- What the task asks:
Restate word for word only the lines from the one with "Luca Bruno FILE" through the end of the records; no pictures belong in the copy.

━━━━━ Data to examine

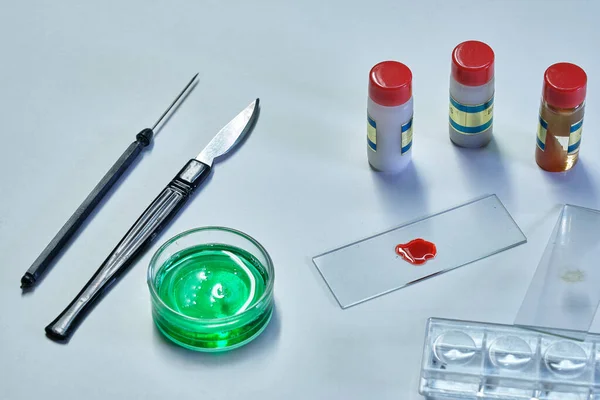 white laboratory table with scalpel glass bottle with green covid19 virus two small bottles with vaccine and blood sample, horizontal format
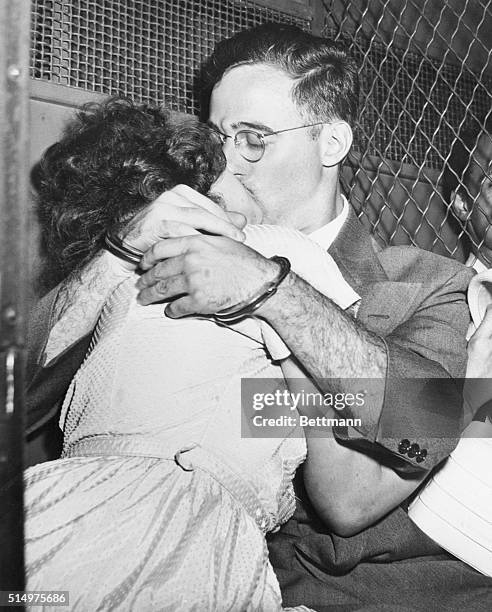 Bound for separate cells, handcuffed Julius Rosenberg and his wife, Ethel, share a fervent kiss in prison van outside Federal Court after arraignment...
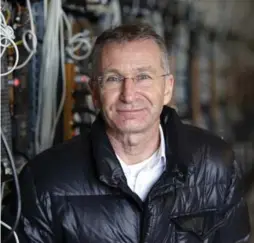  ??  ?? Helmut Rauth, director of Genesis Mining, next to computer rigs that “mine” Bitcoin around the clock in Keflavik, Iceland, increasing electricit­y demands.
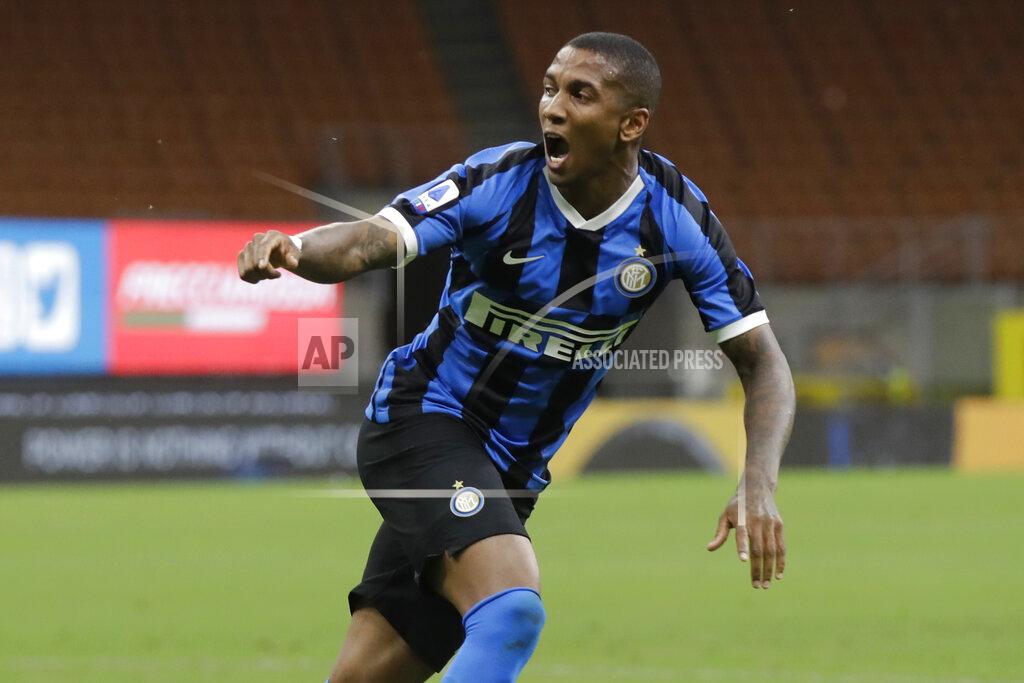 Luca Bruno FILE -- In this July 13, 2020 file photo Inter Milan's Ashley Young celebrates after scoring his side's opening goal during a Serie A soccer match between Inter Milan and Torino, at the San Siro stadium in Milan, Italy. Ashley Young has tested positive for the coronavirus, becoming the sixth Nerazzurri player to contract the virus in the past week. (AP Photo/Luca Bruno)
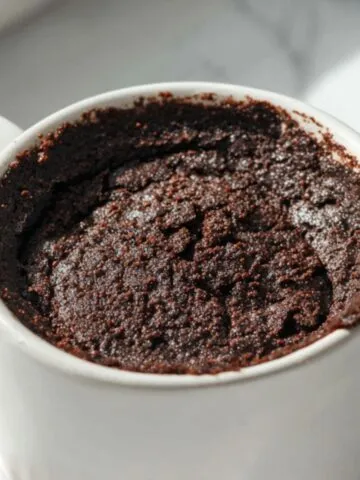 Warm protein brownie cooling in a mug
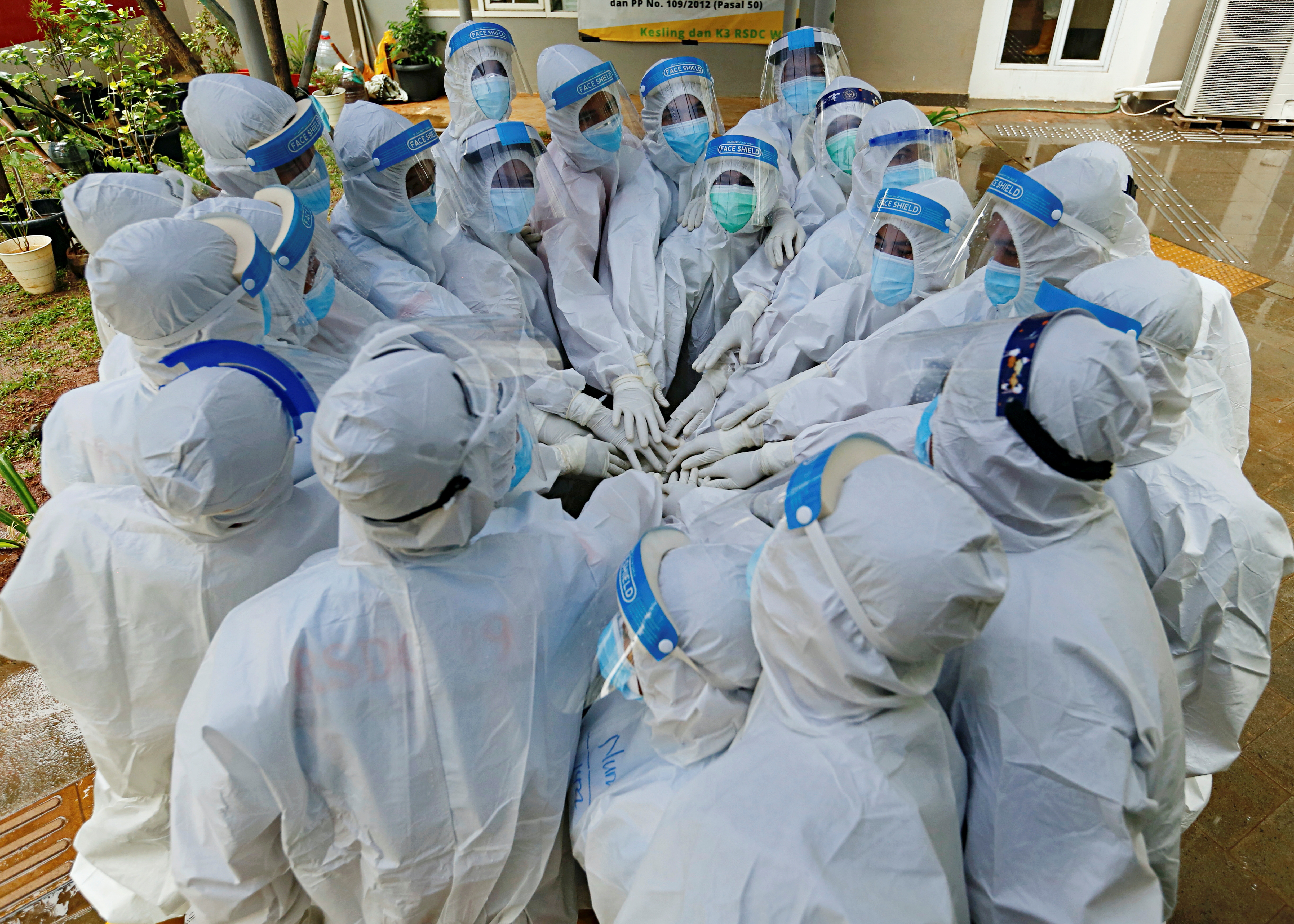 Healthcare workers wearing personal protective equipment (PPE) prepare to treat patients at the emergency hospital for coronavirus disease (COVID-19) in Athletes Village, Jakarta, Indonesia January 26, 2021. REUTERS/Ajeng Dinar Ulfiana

━━━━━━━━━━

- Answer area:
 Luca Bruno FILE -- In this July 13, 2020 file photo Inter Milan's Ashley Young celebrates after scoring his side's opening goal during a Serie A soccer match between Inter Milan and Torino, at the San Siro stadium in Milan, Italy. Ashley Young has tested positive for the coronavirus, becoming the sixth Nerazzurri player to contract the virus in the past week. (AP Photo/Luca Bruno)
 Warm protein brownie cooling in a mug
 Healthcare workers wearing personal protective equipment (PPE) prepare to treat patients at the emergency hospital for coronavirus disease (COVID-19) in Athletes Village, Jakarta, Indonesia January 26, 2021. REUTERS/Ajeng Dinar Ulfiana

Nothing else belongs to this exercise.